Voici un roman un peu bizarre, au titre aussi énigmatique que son héroïne, une jeune Sarde étrange, une
«vrai femme, avec ces beaux seins fermes, cette masse de cheveux noirs et ses yeux immenses». La jeune femme détonne au sein de sa famille et de sa communauté, en Sardaigne et en pleine Seconde Guerre mondiale. Pensez donc : célibataire à 30 ans, elle est déjà vieille fille ! Elle est pourtant entourée de jeunes hommes qui pourraient demander sa main, mais elle tarde à trouver un mari car elle a un caractère de cochon et une sorte de folie dans le regard. De plus elle écrit des poèmes érotiques à ses prétendants tout en ne rêvant que de l'amour fou et absolu !

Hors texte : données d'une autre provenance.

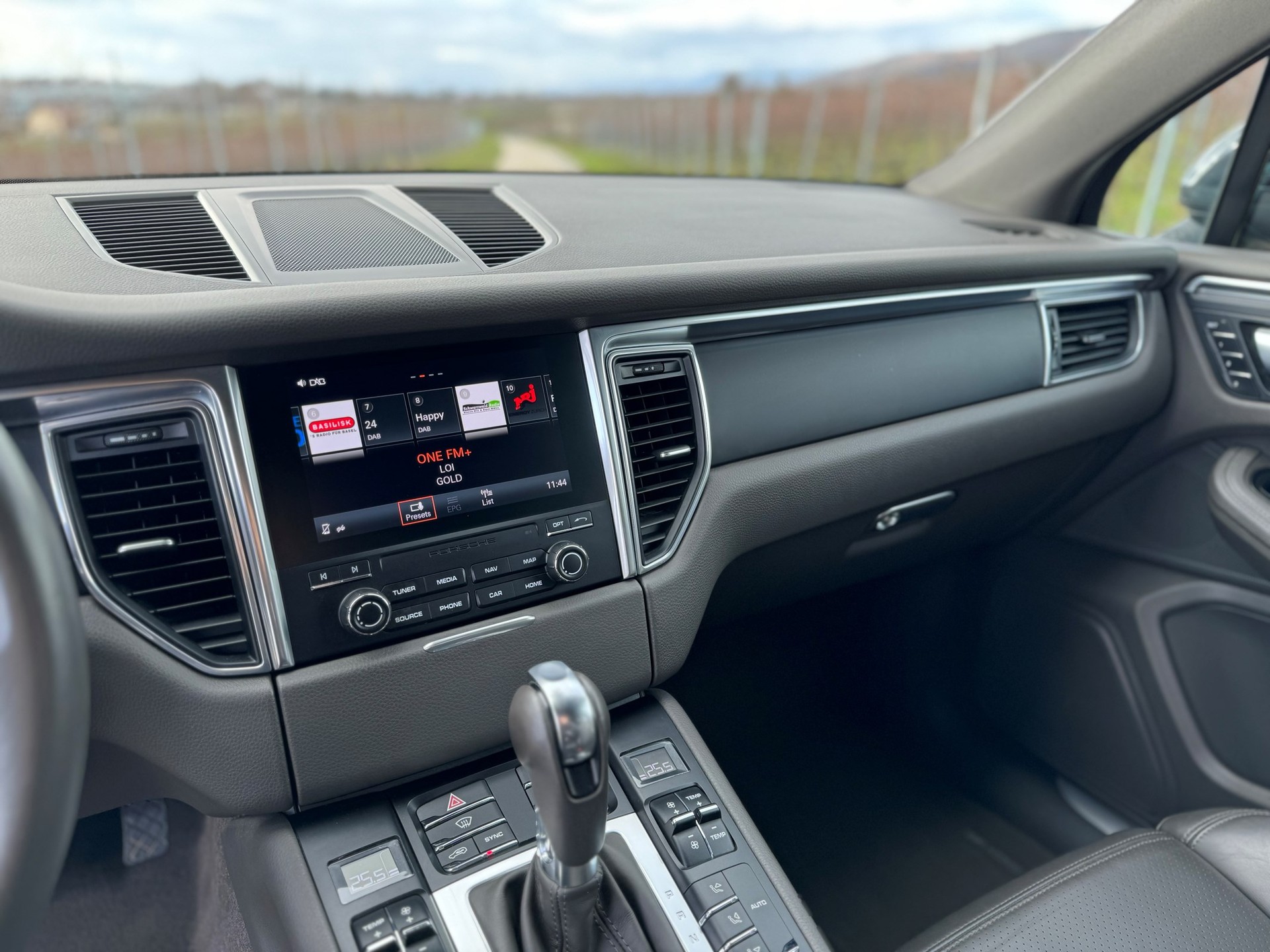 PORSCHE Macan PDK-image-17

Et puis on comprend, petit à petit, au détour d'un mot, d'une phrase allusive, que la jeune femme est un peu plus que simplement fantasque et rêveuse. Elle semble en décalage permanent, comme à contretemps, toujours à côté de sa propre vie. En fait, peu à peu, l'héroïne se révèle bel et bien "dérangée", comme on dit. Mais quel panache dans la folie ! Le terme d'ailleurs n'est jamais utilisé : il serait réducteur. Car elle n'est pas aliénée : c'est une passionnée, violente, excessive, fragile et sensible, parfois indifférente au monde, souvent mutique et distraite, toujours d'une liberté totale à l'égard de ce qui se fait ou pas:
«Bonjour, princesse.»
Et ma grand-mère riait, émue et heureuse :
«Princesse de quoi ?» […]
«Une princesse. Vous vous comportez comme une princesse. Vous ne vous souciez pas du monde autour de vous, c'est le monde qui doit se soucier de vous. Votre seule tâche est d'exister. C’est bien ça ?»
Et cette originalité, cette liberté, loin de faire d'elle une marginale, la rend attachante, bouleversante même. Pleine de sensualité, celle qui voit dans l'amour
«la chose la plus importante» finit par le trouver, et c'est cette histoire qu'elle écrit dans un petit cahier noir à tranche rouge qui sera retrouvé par sa petite-fille, la narratrice de cette saga familiale.
En arrière-plan, les personnages secondaires sont peints par petites touches d'une grande finesse : le mari, épousé par raison pendant la Seconde Guerre, sensuel taciturne à jamais mal connu ; le Rescapé, brève rencontre sur le Continent, à l'empreinte indélébile ; le fils, inespéré, futur pianiste virtuose ; enfin la petite-fille, confidente post-mortem de son énigmatique grand-mère...
Avec une liberté de ton et une écriture délicieusement irrévérencieuse, Milena Agus dresse un portrait de femme sensible et libre, sans cesse tiraillée entre la raideur d'une société conventionnelle et la légèreté avec laquelle elle réenchante sa propre vie. Que j'aime les personnages comme elle, entiers et décalés, "en marge" et sans concessions ! Jusqu'à la dernière page, Milena Agus entretient le mystère de cette femme à travers un récit à deux voix (celle de l'héroïne et celle de sa petite-fille), jusqu'à l'ultime page qui transfigure la chronique familiale en magistrale métaphore de l'emprise si particulière que l'imaginaire a sur le réel.
«Dans chaque famille, il y a toujours quelqu'un qui paie son tribut pour que l'équilibre entre ordre et désordre soit respecté et que le monde ne s'arrête pas».